Start of Block

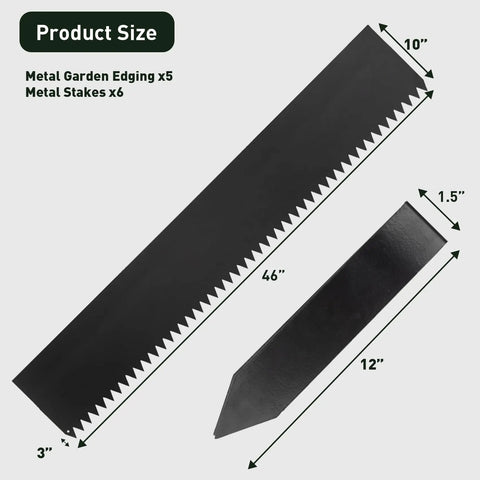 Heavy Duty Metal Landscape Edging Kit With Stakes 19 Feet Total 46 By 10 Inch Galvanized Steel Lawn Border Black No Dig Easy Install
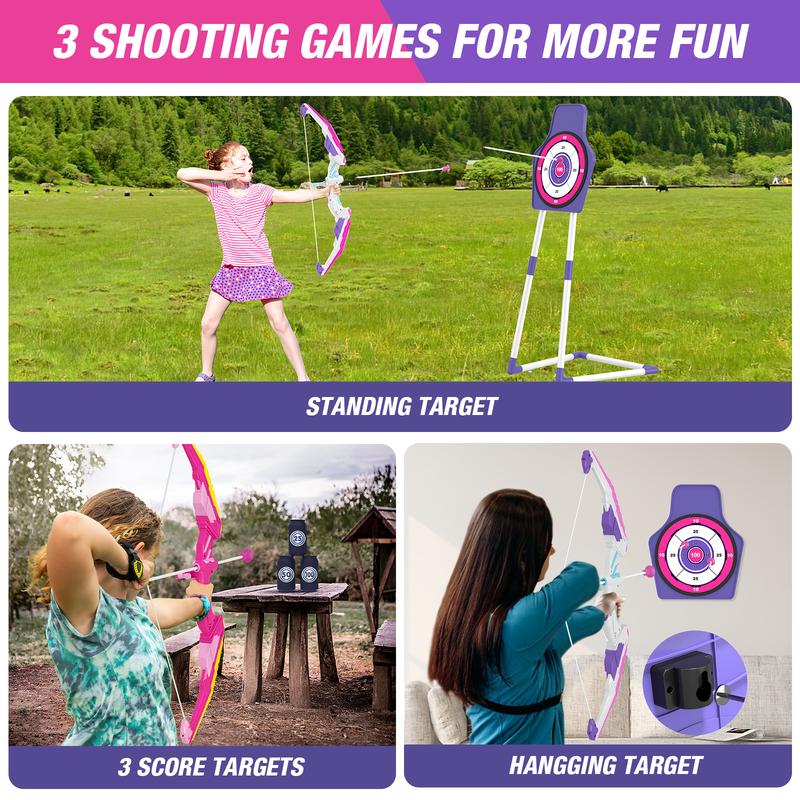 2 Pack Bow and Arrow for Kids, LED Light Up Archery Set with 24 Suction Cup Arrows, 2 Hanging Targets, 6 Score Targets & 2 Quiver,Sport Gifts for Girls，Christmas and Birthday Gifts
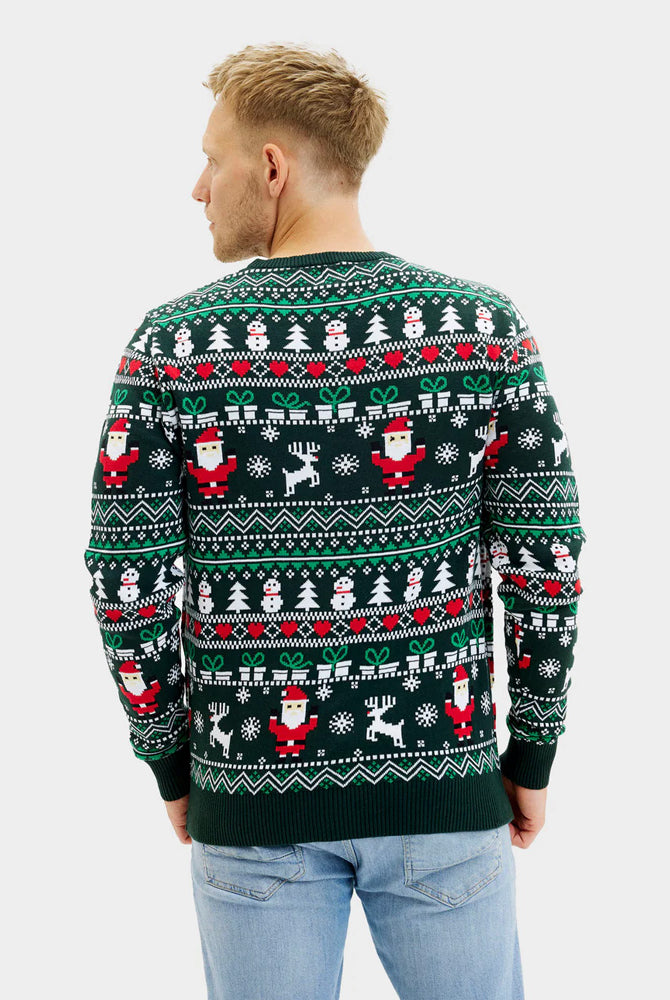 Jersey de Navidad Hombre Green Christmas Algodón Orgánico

End of Block
Start of Block

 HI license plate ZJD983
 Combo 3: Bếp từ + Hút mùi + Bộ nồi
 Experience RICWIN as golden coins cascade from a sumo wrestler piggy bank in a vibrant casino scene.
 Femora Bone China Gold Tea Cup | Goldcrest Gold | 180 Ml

End of Block
Start of Block

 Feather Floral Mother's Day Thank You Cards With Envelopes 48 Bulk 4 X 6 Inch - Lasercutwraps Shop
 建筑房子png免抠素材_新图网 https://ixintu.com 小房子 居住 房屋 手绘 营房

End of Block

About this task →
Beginning at the line that has "Heavy Duty Metal" and ending at the line that has "Jersey de Navidad", restate the listing above word for word, pictures left out.

Your solution →
 Heavy Duty Metal Landscape Edging Kit With Stakes 19 Feet Total 46 By 10 Inch Galvanized Steel Lawn Border Black No Dig Easy Install
 2 Pack Bow and Arrow for Kids, LED Light Up Archery Set with 24 Suction Cup Arrows, 2 Hanging Targets, 6 Score Targets & 2 Quiver,Sport Gifts for Girls，Christmas and Birthday Gifts
 Jersey de Navidad Hombre Green Christmas Algodón Orgánico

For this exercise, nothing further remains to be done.